Ser amables, generosos y serviciales.
"Os
tratamos con delicadeza, como una madre" (1 Ts 2, 7) San
Pablo era sin duda un hombre recio, con un carácter fuerte y enérgico. Así lo
revelan las proezas que llevó a cabo, también sus palabras, con frecuencia,
ardientes y vibrantes, pronunciadas con toda autoridad. Pero junto a esa
fortaleza y reciedumbre tenía el Apóstol una enorme capacidad de ternura y de
cariño, era como una madre que trata a sus hijos con delicadeza y hasta con
mimo. Tanto los quiere, explica, que no sólo les ha entregado el Evangelio de
Dios, lo mejor que tenía, sino que se les entregó a sí mismo, sin escatimar
sacrificio alguno por ayudarles.
Su
figura es un modelo, una muestra de lo que han sido los buenos ministros de
Dios, una imagen de lo que es el sacerdote en la Iglesia, llamada con razón
nuestra santa Madre Iglesia. Su primer jerarca es llamado también el Papa, o
Santo Padre.
7.
La Palabra de la verdad.
"...la
acogisteis, no como palabra de hombre, sino, cual es en verdad, como Palabra de
Dios" (1 Ts 2, 13) La
gente ha llamado siempre al sacerdote con el entrañable nombre de padre. Con
ello se pone de manifiesto la fe del pueblo sencillo que ve en el servicio de
la Iglesia, a través del Papa y de los sacerdotes, un servicio de amor y de
entrega, de abnegación y desinterés. Y si no fuera así estaríamos traicionando
a Cristo y a sus primeros apóstoles, que nos marcaron con su conducta y con su
palabra el camino que habíamos de seguir.
Los
cristianos de Tesalónica ayudaron al Apóstol en su ministerio. Sobre todo por
la manera de corresponder a su predicación. Ellos supieron descubrir y aceptar
que las palabras de aquel judío de Tarso tenían una fuerza divina, eran no sólo
palabra de hombre, sino también Palabra de Dios. Nos puede parecer que aquello
era inadmisible, decir que lo que hablaba Pablo era Palabra de Dios. Desde el
punto de vista de la sola razón así es, pero no desde la perspectiva de la fe.

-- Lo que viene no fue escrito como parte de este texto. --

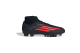 adidas F50 Club Mid FG MG Scarpe calcio (JQ4031) negro 1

Para quien tiene fe, también hoy la Palabra de Dios sigue resonando en nuestros
oídos, revestida con el pobre ropaje del decir humano. Es preciso creer, saber
que a través del hombre nos habla Dios. Hay que escuchar y leer, meditar y
vivir la sagrada Escritura como lo que en verdad es, Palabra de Dios.
8.
No al fariseísmo.
"En la cátedra
de Moisés se han sentado los letrados y los fariseos..." (Mt 23, 1) Es curioso e interesante ver cómo Jesucristo
respetó a los que hacían de guías en su pueblo. Considera que lo que enseñan es
correcto y, por tanto, hay que atenderlos y obedecerlos. Ellos transmitían la
Ley de Dios promulgada por Moisés, y esa Ley permanecía en vigor por voluntad
divina. Por eso no es cierto que Jesús fuera un rebelde ante el orden
constituido, un revolucionario que estaba en contra de la autoridad de su
tiempo.
Sin
embargo, Jesús previene a la gente que le escucha contra la conducta de los
fariseos, que decían una cosa y hacían otra, no adecuaban su conducta con su
doctrina. Eran unos hipócritas que presumían de ser gente honorable,
despreciando a los demás. Hipocresía y soberbia, esos eran los dos defectos que
chocaban frontalmente con el estilo y la doctrina de Jesucristo.
9.
No a la hipocresía.
La
hipocresía, el aparecer bueno ante los demás y ser en realidad un indeseable,
es un defecto que repele a todo hombre honrado. Jesús que defendía la
sinceridad, que amaba la verdad, tenía que chocar necesariamente con ellos. Él
conocía el interior del hombre, y por eso se irritaba contra quienes presumían
de hombres justos, sin serlo.
Esa
actitud les llevaba, en efecto, al orgullo. Se consideraban mejores que los
demás y despreciaban al prójimo. Enseñaban a todos y no permitían que nadie les
enseñara. De ahí que no pudieran sufrir que Jesús, un aldeano de Nazaret,
pretendiera enseñarles a ellos.
Fariseísmo,
un fenómeno humano que nos repele y que, sin embargo, es muy frecuente entre
los hombres, siendo fácil caer en él. Hay que estar atentos, vigilantes, hay
que ser humildes y sinceros, luchar contra esa tendencia a juzgar con ligereza
al prójimo, a considerarnos mejor que los otros, y a rechazar cualquier
posibilidad de aprender de los demás en cosas malas.
10. Un
modelo de servidor.
“Hijo
mío, manténte fuerte en la gracia de Cristo Jesús; y cuanto me has oído en
presencia de muchos testigos confíalo a hombres fieles, que sean capaces, a su
vez, de instruir a otros. Soporta las fatigas conmigo, como un buen soldado de
Cristo Jesús. Nadie que se dedica a la milicia se enreda en los negocios de la
vida, si quiere complacer al que le ha alistado. Y lo mismo el atleta, que no recibe la corona
si no ha competido según el reglamento. Y el labrador que trabaja es el primero
que tiene derecho a percibir los frutos. Entiende lo que quiero decirte; seguro
que el Señor te hará comprender todo” (2 Tim 2, 1-7)
Señor:
Que no
equivoque tu gloria por mi propia gloria. Que
mi humildad sea fruto de andar con la verdad. Que mis palabras vayan armonizadas con
mis obras. Que
la fuente de mis obras este siempre en Ti. Que busque siempre un primer puesto
para el servir y no para ser servido. Que “mi amor saque amor” como decía
Teresa de Jesús Que
me sienta contemplando por ti y que nada desdiga de mi amistad contigo
Que ensanche, no la
apariencia del mundo sino la bondad de mi corazón. Que mi gloria sea el darte gloria
amando a aquellos que me rodean. Que mi eficacia y mi fuerza sea el permanecer
unido a Ti. Que nunca, Señor, pueda decir que pienso y quiero distinta cosa de
lo que siento y realizo.
Qué ame lo
que Tú mandas y anhele y desea lo que Tú prometes. Amén.